Sometimes people have their own agendas and issues and will do the strangest things in order to make themselves feel better in their world.


This is what people do. But, I am a person, and you are a person too. We most likely do some or all of the above some of the time too.


The bad news is that we live in a world full of people, and so by interacting in the world we inevitably encounter these kinds of problems.


The good news is that these people are our greatest teachers.


Whenever we come away feeling bruised or sore from our interactions with people it's usually because we haven't managed our own expectations. We have hopes and desires for how other people should treat us, and the acknowledgement and appreciation we should receive from them. This can be a slippy and dangerous slope that leads to nowhere good.


If we do something and look to receive appreciation in return, then we probably have slightly misaligned intentions in the first place, and we will usually be disappointed anyhow.


If we say something hoping to help people or gain thanks for our help, not only are we flirting with arrogance but we are also setting ourselves up for a fall.


Seeking approval and appreciation is really not good for your wellbeing, self-esteem and it's really bad for your friendships and relationships.


In order to feel happier in our interactions with people, we need to develop a sense of what our true responsibility is. Ultimately we can only be responsible for ourselves and the thoughts and feelings that go on in our hearts and minds. We are not responsible for what others think of us, or for what others think of what we do and say.


Now, this is much easier said than done, because we do care what others think of us, it hurts us deeply sometimes, but this doesn't mean that we have to carry this burden forevermore. We can learn to let go of everything that isn't 'our business'. 'Our business' is what goes on in our inner world, everything else is 'other people's business' and we can't do a damn thing about it. To try to would be exhausting and futile.


Can you imagine how draining it would be to constantly second guess everybody you encounter and make sure you do and say everything right so as not to offend them? And, even when you think you've been impeccable, you have no idea what they are percolating around inside their own heads - sometimes they might tell you that they are pissed off with you, other times you find out accidentally days, weeks or even months later.
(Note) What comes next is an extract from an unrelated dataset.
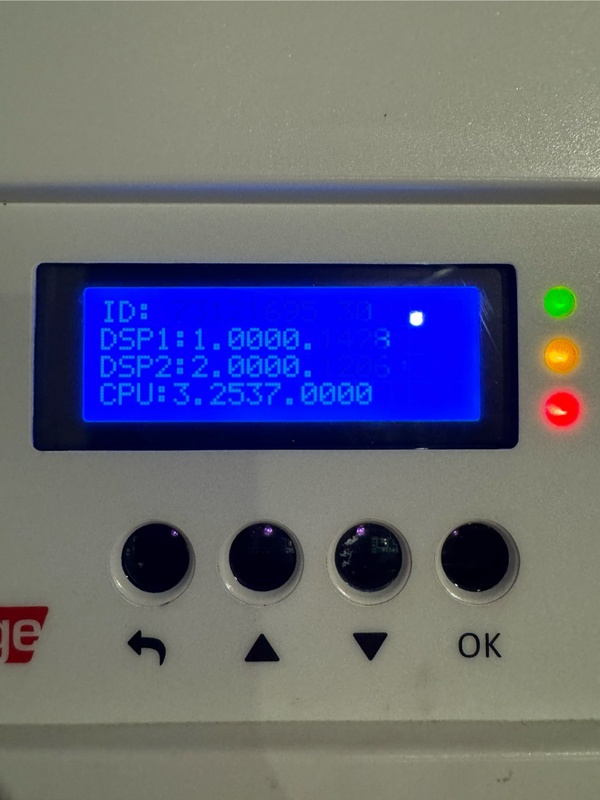 Afbeeldingslocatie: https://tweakers.net/i/AvK52Yc12QU6HgiM5xZ9rb1sOts=/x800/filters:strip_icc():strip_exif()/f/image/AV6BjZp9SGldMhFJscU21ZqK.jpg?f=fotoalbum_large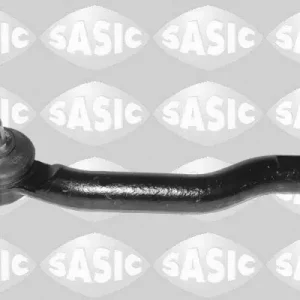 Merkproduct Spoorstangeind \\/ Stuurkogel Sasic 7676133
It's like trying to stop the flow of a powerful river with your bare hands. Futile.


So, we have to turn the negative into a positive, otherwise, you might be tempted to run away and find a cave in the mountains where you don't ever have to deal with another human being again.
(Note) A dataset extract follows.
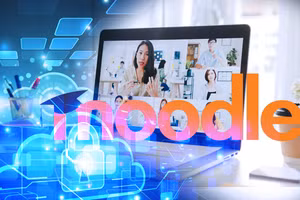 Moodle on BizFly – Giải pháp mới cho nền tảng giáo dục trực tuyến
We have to use these challenging interactions with other people to become better versions of ourselves. It's like in alchemy, turning the lead into gold. Or in Qi Gong where you take the tension and blockages in the body and turn it into energy.


When we encounter a moment where we come away bruised from our interactions with other people, we first need to check where our expectations may be out of balance. If we can be brave enough to admit to ourselves what part of the bargain we expected in return, then we can see where we got hurt. We can learn from this.


Then we can strengthen our resolve in what is 'our business' and what is 'other people's business'. There's no shortcut to this, you have to realise the things you can and cannot control, and let go of the things you can't control. It takes practice. Start now.


Finally, the ultimate way to turn this around is to be grateful. Appreciate the person who you believed had caused your upset and thank them for being your teacher. They have shown you something about yourself that you hadn't quite grasped yet. They have taught you where you are still stuck, where you are getting caught. To be grateful for the lessons that they show you is the ultimate in turning a negative into a positive.


Perhaps then we can go out into the world without having to wear armour or without feeling defensive. We can step out there with an open heart and deal with people without fear of repercussions or fear of getting hurt or fear of upsetting people.


To be courageous enough to remain open-hearted in the world is the ultimate personal and spiritual victory.